NASA is already planning for the day when parts of the Kennedy Space Center, on Florida’s Cape Canaveral, will be underwater.
According to the Intergovernmental Panel on Climate Change, sea levels could rise by more than three feet by the end of this century. The United States Army Corps of Engineers projects that they could rise by as much as five feet; the National Oceanic and Atmospheric Administration predicts up to six and a half feet. All these projections are probably low.
Many geologists, are looking at the possibility of a ten-to-thirty-foot range by the end of the century.
The amount of water on the planet is fixed (and has been for billions of years). Its distribution, however, is subject to all sorts of rearrangements. In the coldest part of the last ice age, about twenty thousand years ago, so much water was tied up in ice sheets that sea levels were almost four hundred feet lower than they are today. At that point, Miami Beach, instead of being an island, was fifteen miles from the Atlantic Coast. Sarasota was a hundred miles inland from the Gulf of Mexico, and the outline of the Sunshine State looked less like a skinny finger than like a plump heel.

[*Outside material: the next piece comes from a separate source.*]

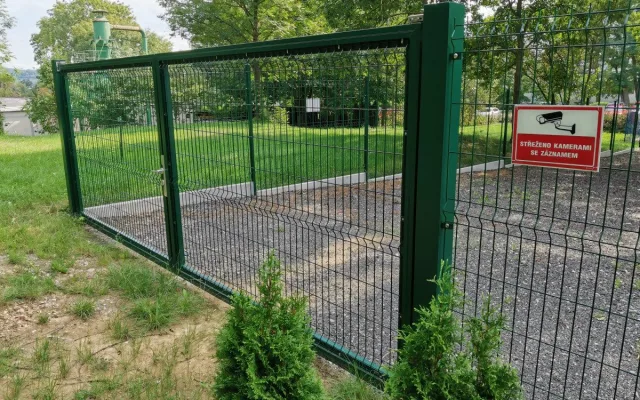 Když potřebujete bránu, která něco vydrží a ještě dobře vypadá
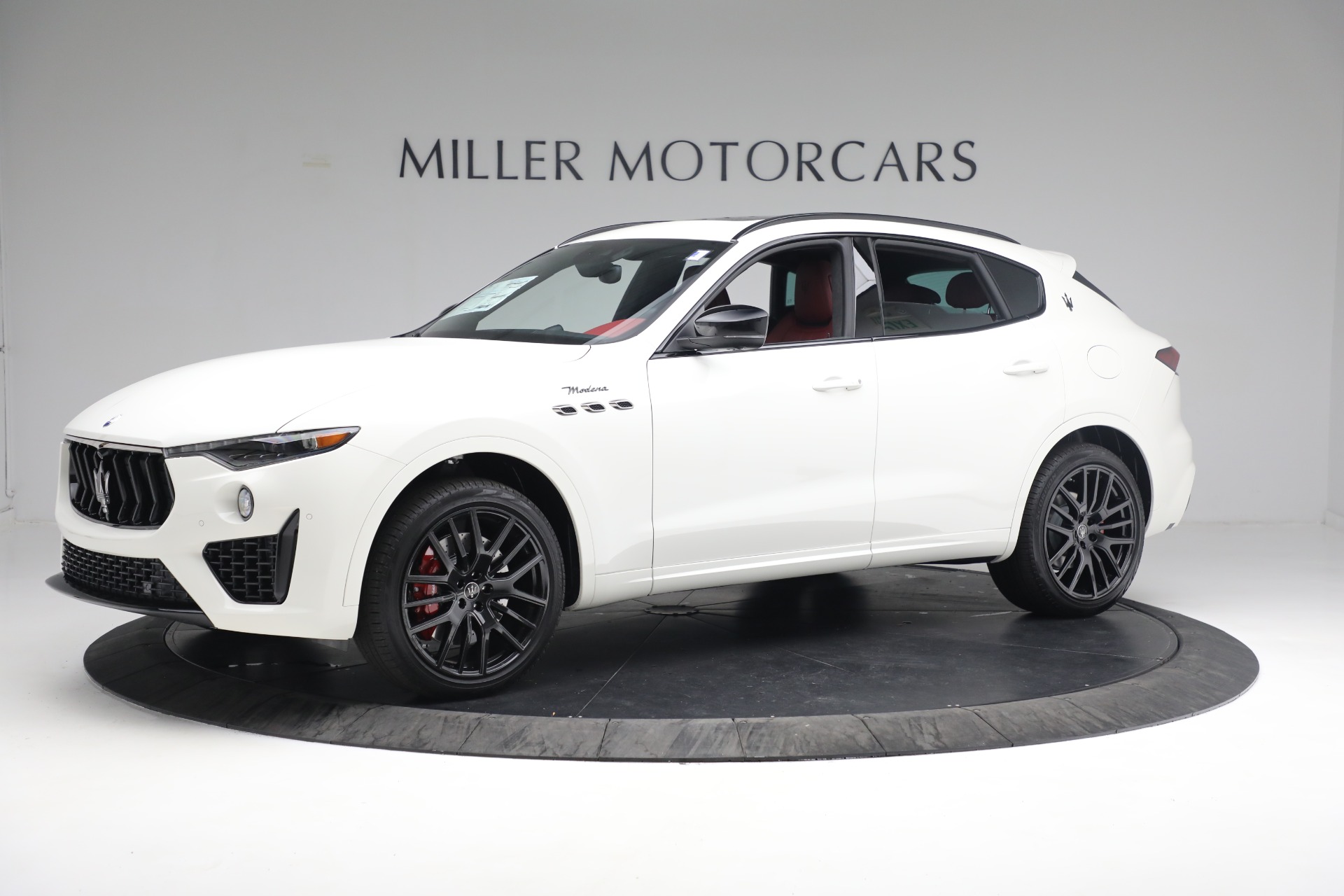 New 2022 Maserati Levante Modena | St. Petersburg, FL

As the ice age ended and the planet warmed, the world’s coastlines assumed their present configuration. There’s a good deal of evidence—much of it now submerged—that this process did not take place slowly and steadily but, rather, in fits and starts.
As temperatures climb again, so, too, will sea levels. One reason for this is that water, as it heats up, expands. The process of thermal expansion follows well-known physical laws, and its impact is relatively easy to calculate. It is more difficult to predict how the earth’s remaining ice sheets will behave, and this difficulty accounts for the wide range in projections.